In my post about Akinyele’s classic debut album, I mentioned that “unlike Nas, Akinyele lived up to the hype”. While such a comment might seem to be a textbook example of attention-seeking behaviour, it’s a point that I’m more than happy to qualify.
Cast your mind back the first time you caught a sample of Nas’ microphone-melting techniques – whether it was on Main Source’s “Live At The BBQ”, MC Serch’s “Back To The Grill” or his contribution to the otherwise woeful Zebrahead soundtrack, “Halftime” (which stands alongside “Time’s Up” and “Come Clean” as the dopest singles of the 90’s), Nasty Nas had your attention. Add to that a cover story in The Source (which was at it’s peak in terms of credibility and influence) which basically declared him to be “the second coming” of Rakim, and an all-star selection of A-list producers, Nas had a lot to live up to. Not to mention the fact that New York had been playing second fiddle to LA for the last couple of years in the wake of Dr Dre/Ice Cube’s commercial dominance, and the expectations were raised to hights which were going to be almost impossible to attain.

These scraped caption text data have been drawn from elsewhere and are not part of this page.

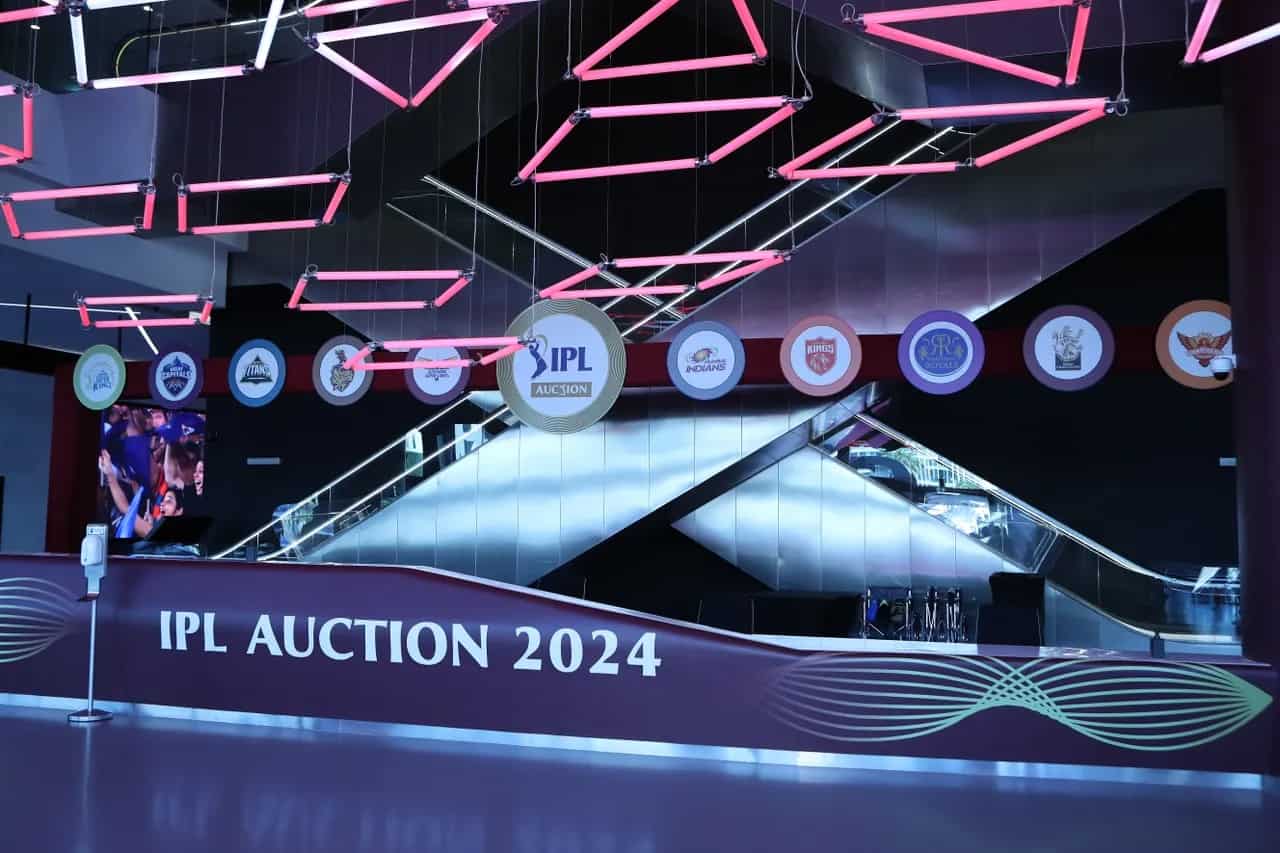 IPL Auction 2024 Teamwise Sold Player List • ProBatsman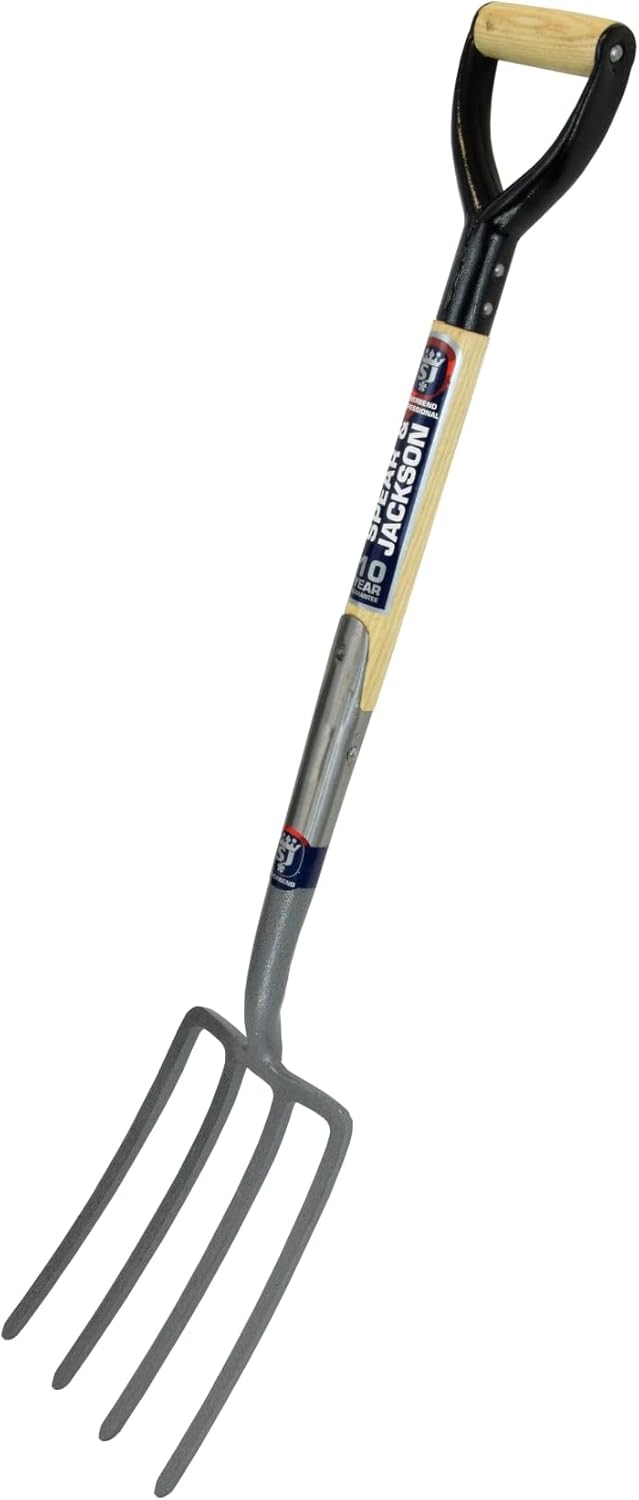 Spear & Jackson 1570AL Neverbend Professional Grabegabel Grabgabel, Grabgabel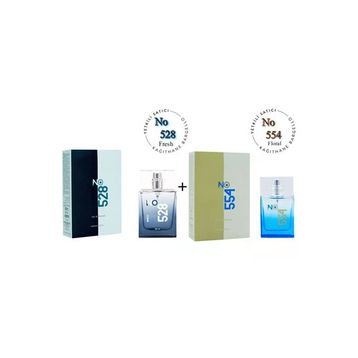 Bargello 528 EDP 50 ml Erkek Parfüm + 554 EDP 50 ml Unisex Parfüm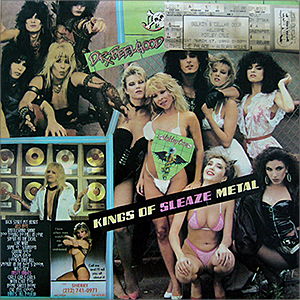 KINGS OF SLEAZE METAL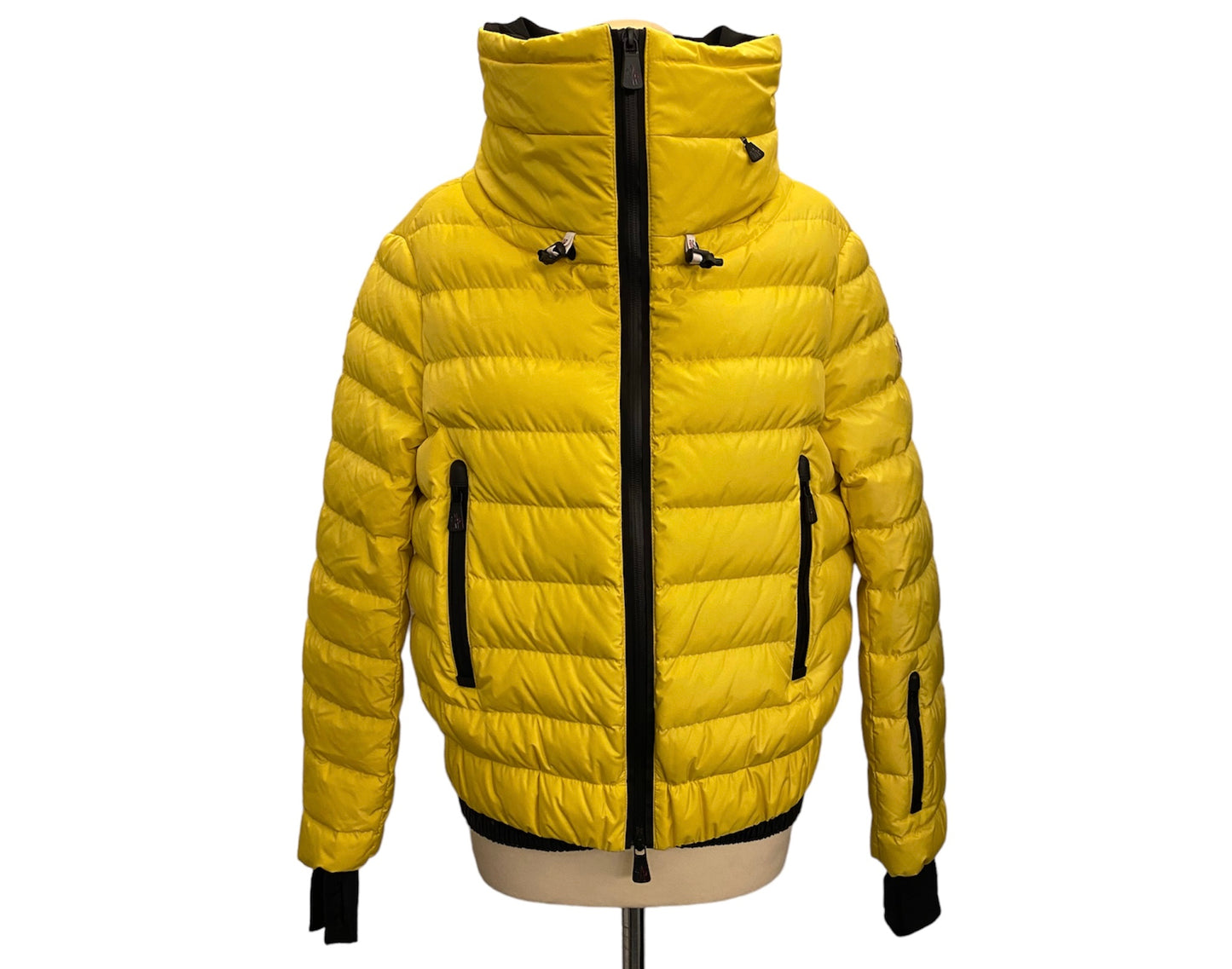 MONCLER Grenoble Ski Yellow Jacket Size T2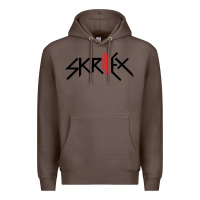 Coffee white skrillex Premium Hoodie - ArtMosaic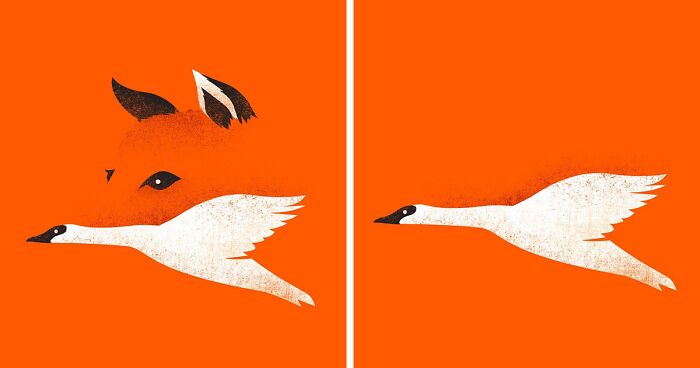 30 Clever Illustrations By Tang Yau Hoong That Make Use Of Negative Space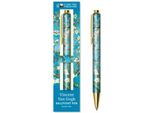 Vincent Van Gogh: Penna A Sfera Decorativa In Scatola Con Fiori Di Mandorlo
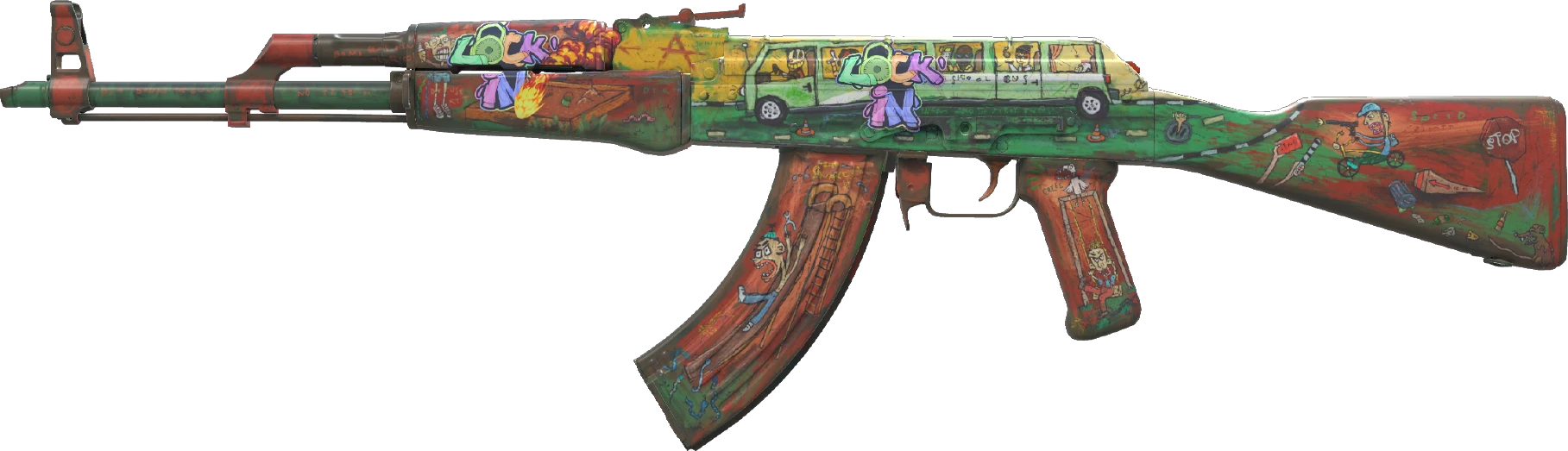 AK-47 | The Outsiders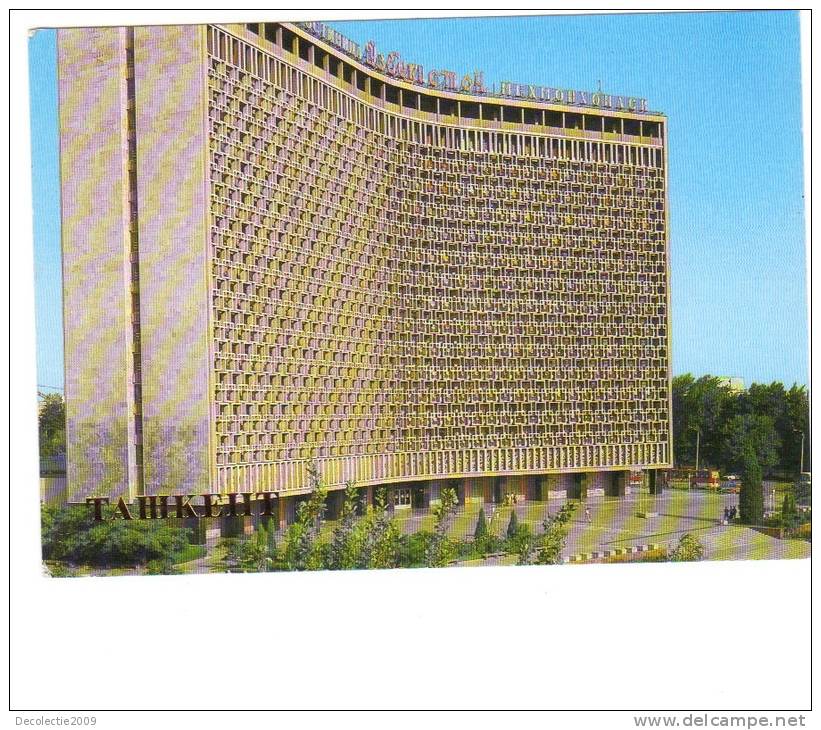 ZS29401 Taskent Uzbekistan Hotel Not Used Perfect Shape Back Scan At Request - Usbekistan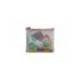 BOLSA MULTIUSOS MARCA OFFICE BOX MALLA B6 CON CREMALLERA ROJO 185X215 MM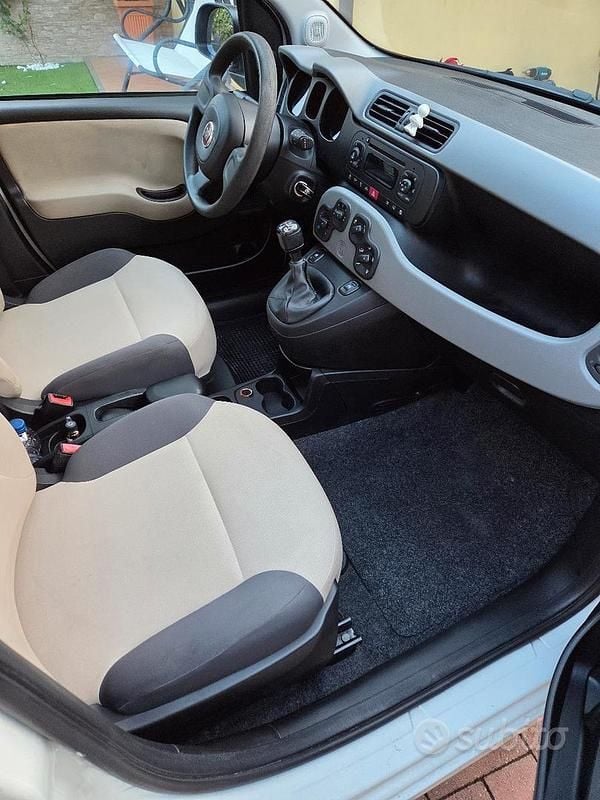 Usata Fiat Panda 75 CV (55 kW) 2013 Utilitaria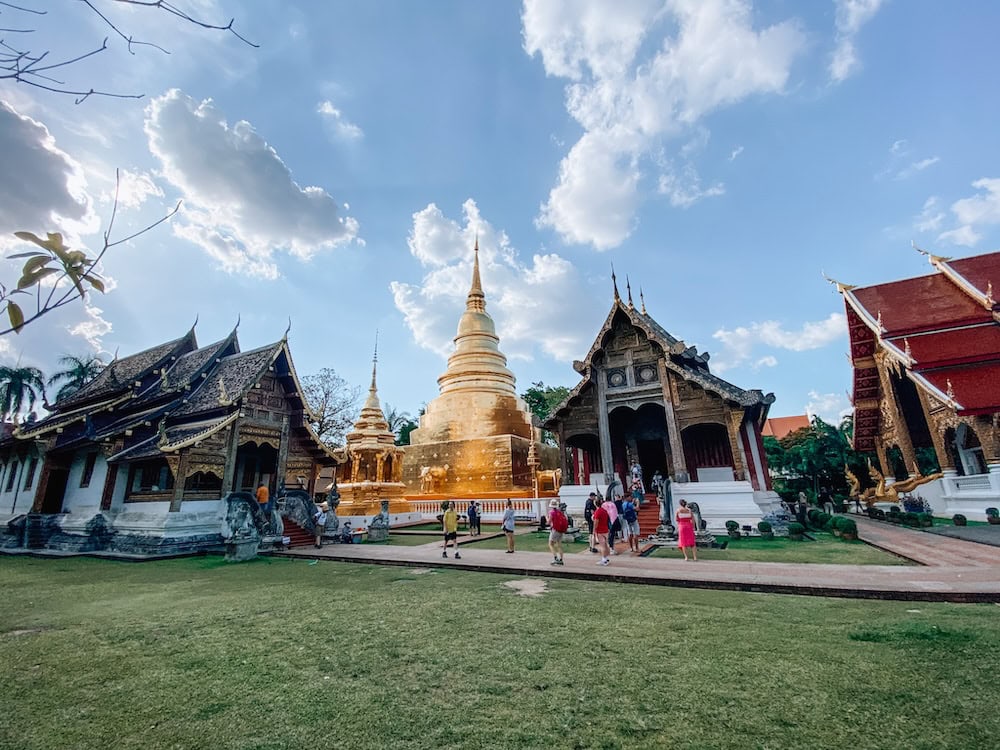Wat Phra Singh Chiang Mai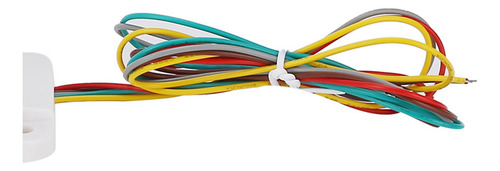 Led Warning, 3 Colores, Cabezal Giratorio De 180°, Plegable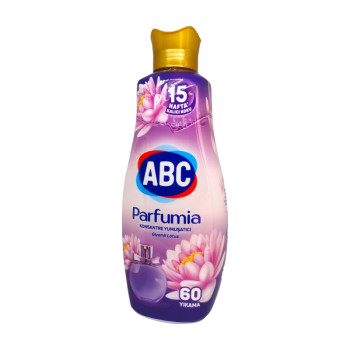 ABC парфюмен омекотител за пране, 60 пранета, 1440мл, Gizemli Lotus ABC парфюмен омекотител за пране, 60 пранета, 1440мл, Gizemli Lotus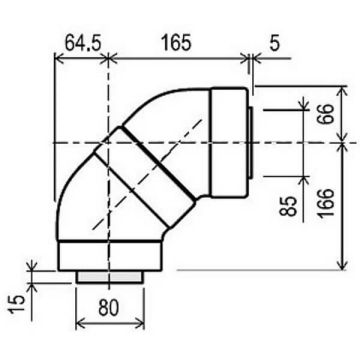 Rinnai FFBEND Universal Bend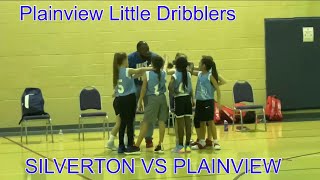 Plainview Little Dribblers Girls 3/4th grade Silverton vs Plainview Carolina Blue 3/4/21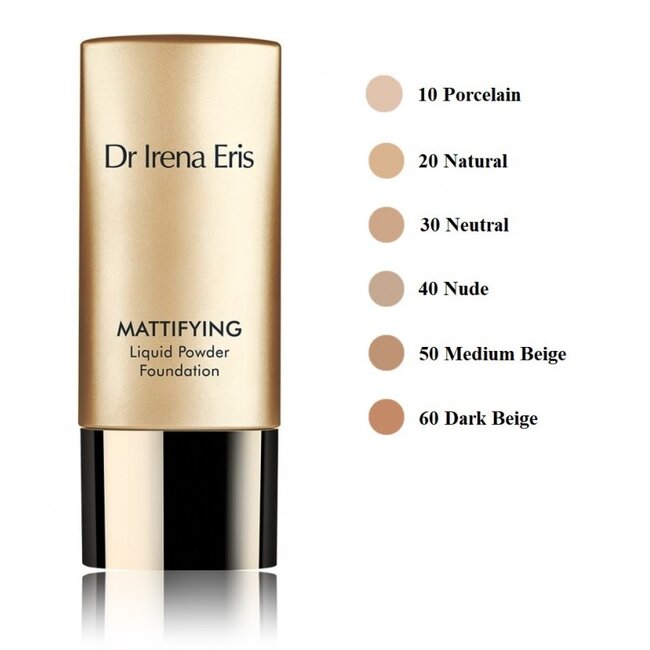 Dr Irena Eris Dr. IRENA ERIS- Mattifying Liquid Powder Foundation 30 neutral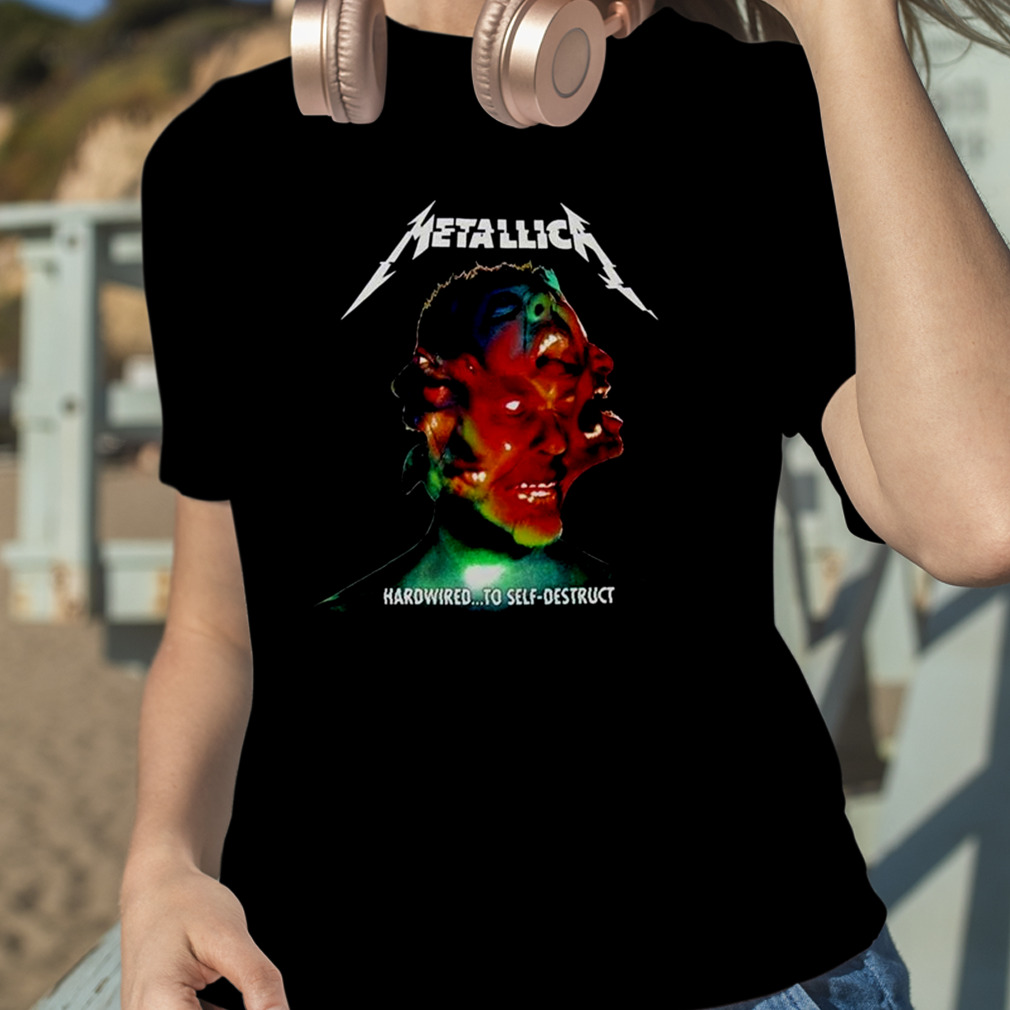 present day alcove Pledge Metallica Hardwired To Self-Destruct 2022 Shirt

Im all fairness, it wasn’t Nas’ fault that the entire East Coast placed the weight of the rap world on his shoulders. He was just trying to make a good album (on second thoughts, based on his frequent egotistical outbursts, he was trying to a make a GREAT album). And for all intents and purposes, he suceeded. However, as Ego Trip magazine noted in their end of ’94 round-up, Illmatic was both the best album of the year AND the biggest dissapointment. The fact that the record consisted of a meagre nine full tracks, two of which had already been released previously, was the first let-down. Of the new material, only “New York State of Mind” and “One Love” matched the vocal intensity of his earlier appearences. Sure, you had moody, introspective efforts like “The World Is Yours” and the more straight-forward brag rap of “One Time For Your Mind”, but where was excitement of “Halftime”? And why the hell would you name a song “Represent”, given that it was the most over-worked cliches of the time? As much as Nas brought a new level of verbal complexity to the game, he also delivered a package that was too subdued for it’s own good. Even his beat choices were at times underwhelming, considering the talent he had access to.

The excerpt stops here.